Sunday, October 2, 2016

Abigail Adams: First Lady and Mother of a President

Abigail Adams by Gilbert Stuart

Abigail Adams was the wife of lawyer and politician John Adams. The couple met when Abigail was just a teenaged girl. John was ten years older than his future wife but the age difference meant little. Their 45-year marriage was apparently a very happy one, judging by the scores of letters the lovebirds sent each other. For the better part of their early married life, Abigail lived in Quincy and Boston without the company of her husband, but that did not stop them from starting a family.

Abigail Adams nee Smith married John Adams on October 25, 1764. Their first child, a daughter they named Abigail, came just shy of nine months later. Their second child and future President of the United States, John, was born in 1767. The following year, a daughter named Susanna was born to the couple. She passed away when she was two years old. Right around the time Susanna passed away, John and Abigail Adams had their second son, a boy they named Charles. A third son-Thomas- followed two years later.

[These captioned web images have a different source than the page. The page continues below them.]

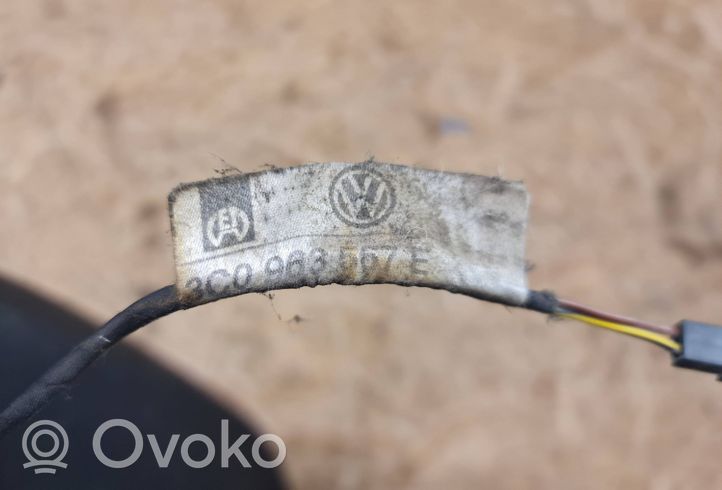 Volkswagen PASSAT B6 Galinė sėdynė 3C0963567E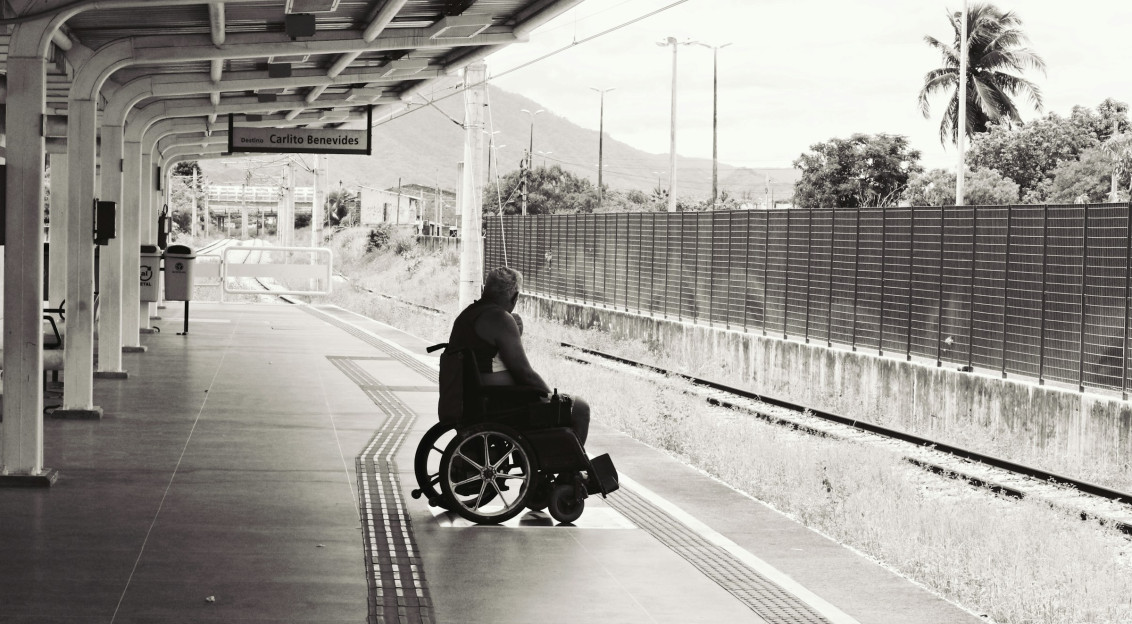 Photo by Unsplash An illustrative photo of a person sitting on a wheelchair.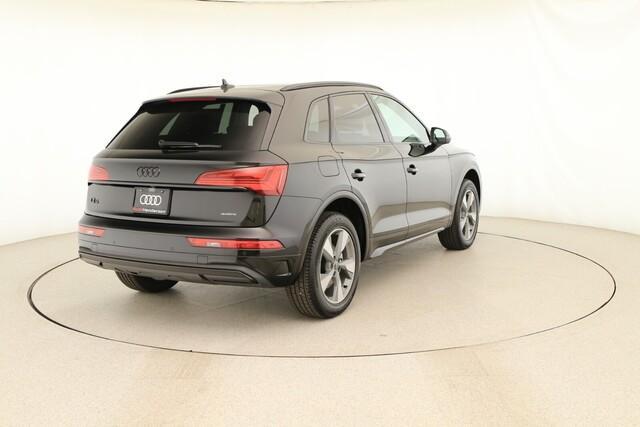 new 2025 Audi Q5 car, priced at $54,055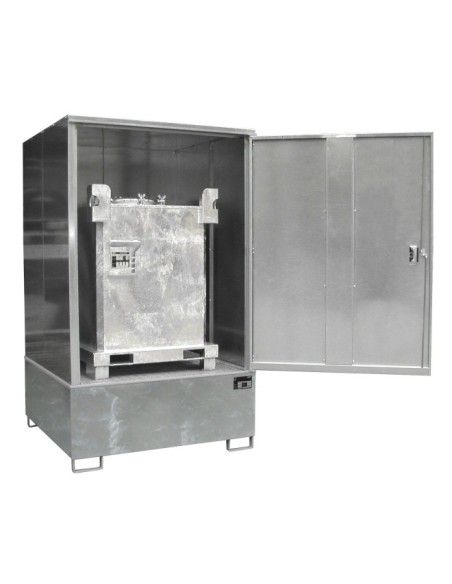 Armoires pour matières dangereuses--Armoire pour les matières dangereuses, galvanisé à chaud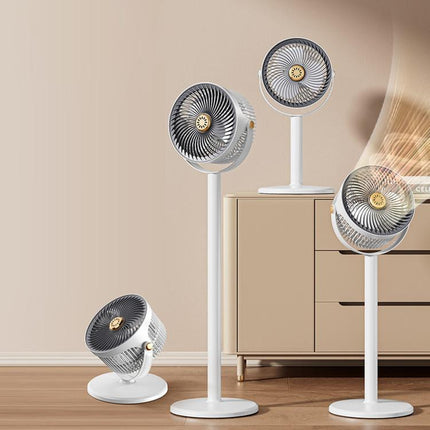 Home Use High-Power Extendable Desktop/Floor Fan
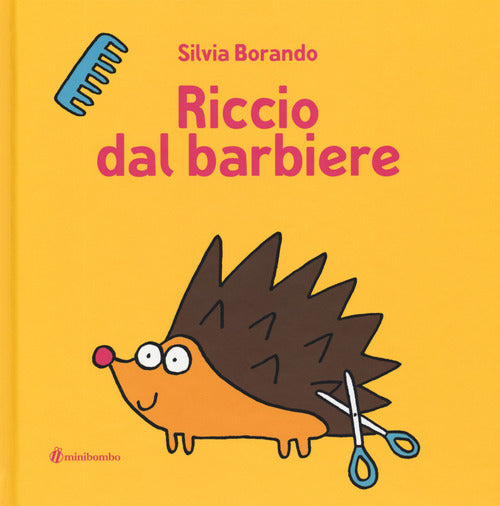 Cover of Riccio dal barbiere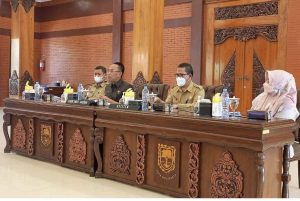 Gelar Kegiatan Monitoring dan Evaluasi BAPERKUM JDIH, Sekdakot: OPD harus Proaktif Partisipasi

Abigail Adams was well educated (by her mother). As such, she was suited for life as the wife of a lawyer, politician and eventual President of the United States. During the American Revolution, she wrote a letter to her husband that would become the first evidence of an early push for women's rights in the United States. In this letter, she wrote, ". . . in the new Code of Laws which I suppose it will be necessary for you to make I desire you would Remember the Ladies, and be more generous and favorable to them than your ancestors." During her time as First Lady, she stood up for the rights of a young African-American man to get his education in Massachusetts. She was not a pushy or aggressive woman, but her intentions were made clear and no one could question her morality.

Abigail Adams was the first First Lady to occupy the White House, if only for a few months. She was also the first First Lady to demonstrate an interest in politics and to hold something akin to political office. During the American Revolution, members of the Massachusetts Provincial Congress appointed her as one of the women sent to question female British loyalists.

Abigail Adams was as loyal, loving and dedicated as a woman can be. We know this about her through her correspondence with several individuals. She passed away on November 10, 1818 from complications of a stroke she suffered a few days prior.